I hitched my bag on my shoulder, grabbing my black waterproof. My body pulsed when my hand hesitated on the flimsy door handle. It wasn’t just a door, it was destruction. Destruction of my entire life. There would be no going back.

Last week, I’d been with Sam. We’d laughed and kissed and stayed up watching some stupid old film on Channel 5. He was going to help me get out; he was just biding his time. Two years we’d been together, near enough. It was the only relationship I’d dared to extend past mutually beneficial sex. Sam was harmless and they knew it, so they had allowed it. I was a moth to a flame, fixated on the light that his little bit of love gave me in the darkness. We’d kept it low-key. I only stayed round his two or three times a month, and never when I was needed.

It was my fault, what had happened. I knew it was. I’d mentioned, stupidly, that one of the new cousins could take my van when I moved out.

My knuckles went white as my grip on the door handle tightened, but my wrist wouldn’t turn. I rolled my shoulders and tipped my head from one side to the other, attempting to stir up more anger. The storm had been brewing for a while now; I’d felt it growing inside of me, churning. I hadn’t stopped to think as I’d quietly crept back into their caravan after my parents’ fight was over, looking for the tin; taking the car key and the photograph.

After a quick internet search, I’d found the missing persons appeal for Maeve, and a home address for her parents. They were still searching. Nineteen years later and this perfect family, who looked like they had jumped straight out of a colourful Christmas TV advert, were still looking for their daughter.

I knew Henworth residents lived by their own rules – I’d seen darkness in all of them.

But would they really take a child?

Sam had been the one thing I’d asked for, for myself. Losing him, having him taken, then finding the photograph… it was like someone had knocked off my rose-tinted glasses. I couldn’t do it anymore, I wouldn’t. Spent was the mild mannered, submissive Chantelle.

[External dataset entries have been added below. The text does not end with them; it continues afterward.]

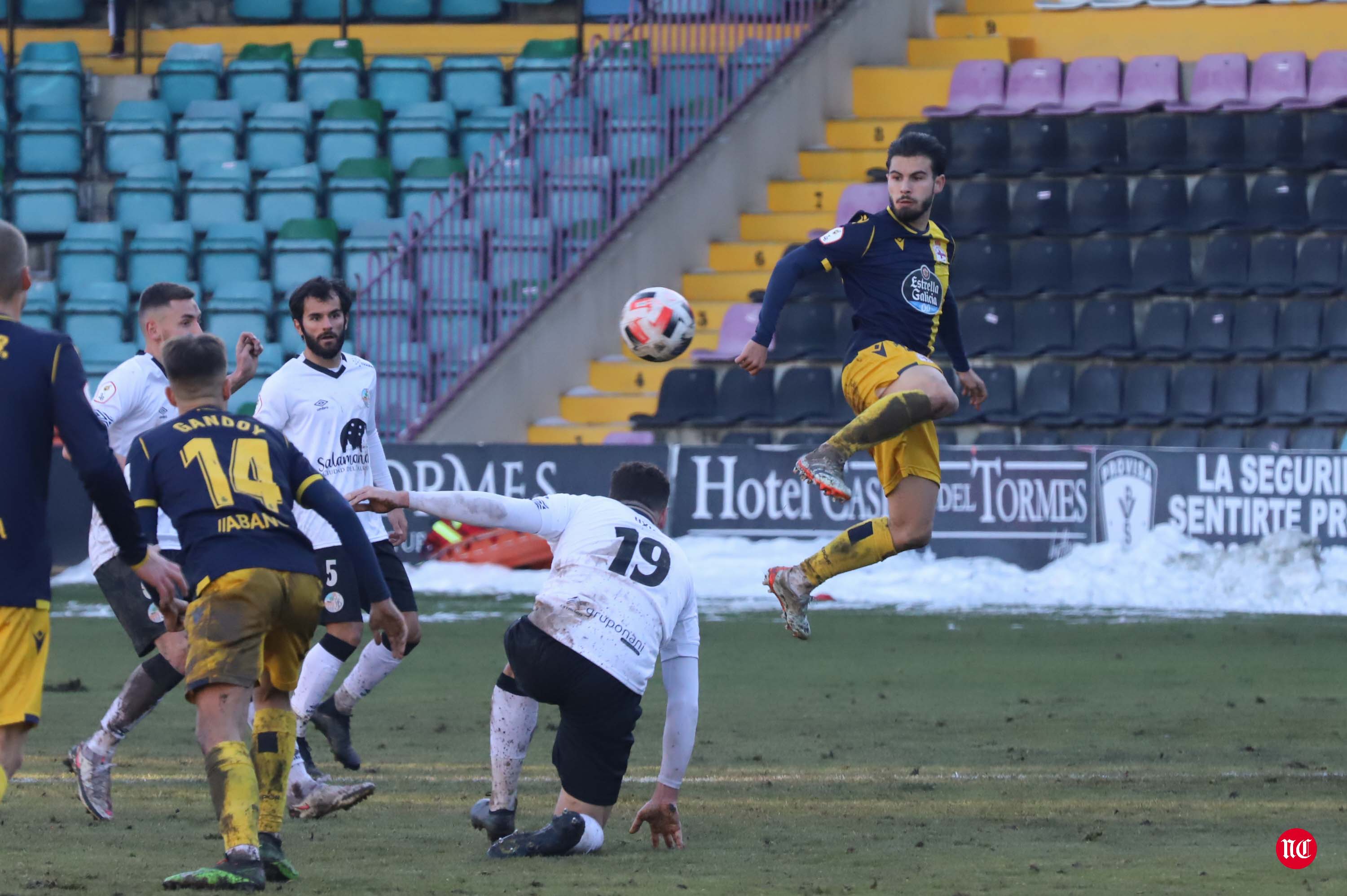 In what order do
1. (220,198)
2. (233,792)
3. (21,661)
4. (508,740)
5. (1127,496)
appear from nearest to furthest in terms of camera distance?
(21,661)
(233,792)
(508,740)
(1127,496)
(220,198)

The Chantelle who had studied so she could forge her parents dodgy accounts; who had cared for the horses and tutored the kids whose parents were too drunk; who had kept those police officers happy in the hopes her parents would thank her, appreciate her, see her? I refused to be that Chantelle anymore.

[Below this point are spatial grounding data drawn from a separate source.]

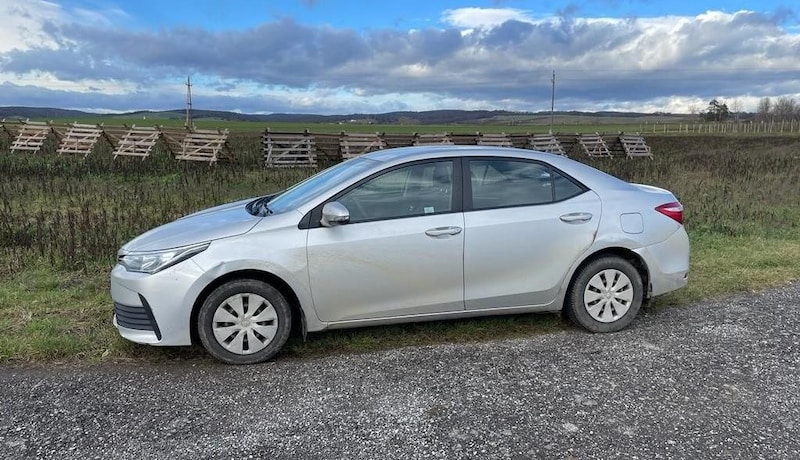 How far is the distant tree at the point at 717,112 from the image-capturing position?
306 feet

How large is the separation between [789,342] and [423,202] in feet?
10.2

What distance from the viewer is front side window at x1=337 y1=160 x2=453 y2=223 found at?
462 centimetres

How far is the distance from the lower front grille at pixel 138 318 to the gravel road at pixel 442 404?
28 centimetres

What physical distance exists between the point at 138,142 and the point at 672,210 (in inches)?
884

As my hand finally pulled down the door handle, the lock clicked, reverberating through the plastic walls. I turned around one last time, taking in the worn red carpet, the unmade bed, the decaying kitchen.

No one remembers being five, do they?

The thought was intrusive and intimidating; it felt too big, especially for that moment. So, I pushed it out and packed it neatly away for later. Anyone with my upbringing would dream of being the child of those perfect people; of growing up in that beautiful house; of having a whole website dedicated to finding her and bringing her home.

Stop.

I would reach out to Maeve’s parents, tell them what I’d found, do the right thing, whatever the cost. They deserved closure. This wasn’t about me.

I flung open the door.

Panting to catch my breath after running to the car, I fell into the worn seat and twisted the key in the ignition. Everything was going too fast, yet the world around me seemed to slow, as if time itself was aiding me. My eyes focused on the fuel gauge, not blinking, as the needle moved painfully slowly.

I exhaled. It was past the first mark, that was enough to get me out.

My foot pressed down forcefully on the accelerator, sending the car lurching forwards, gravel spitting behind me. I was doing it. I was really doing it. The gate was open. The road was right there.

I can do this.

My heart couldn’t take any more beatings, my soul any more weight after being forced to look the other way, time and again. I wasn’t cut out for this life. I couldn’t let things go or turn a blind eye anymore. All I could see in my mind was little Maeve clutching that teddy.

I heard yelling as I neared the gate, but Marcus was too late. I swerved violently onto the road, clinging to the steering wheel like my life depended on it. Because, for the first time, it felt worth the risk.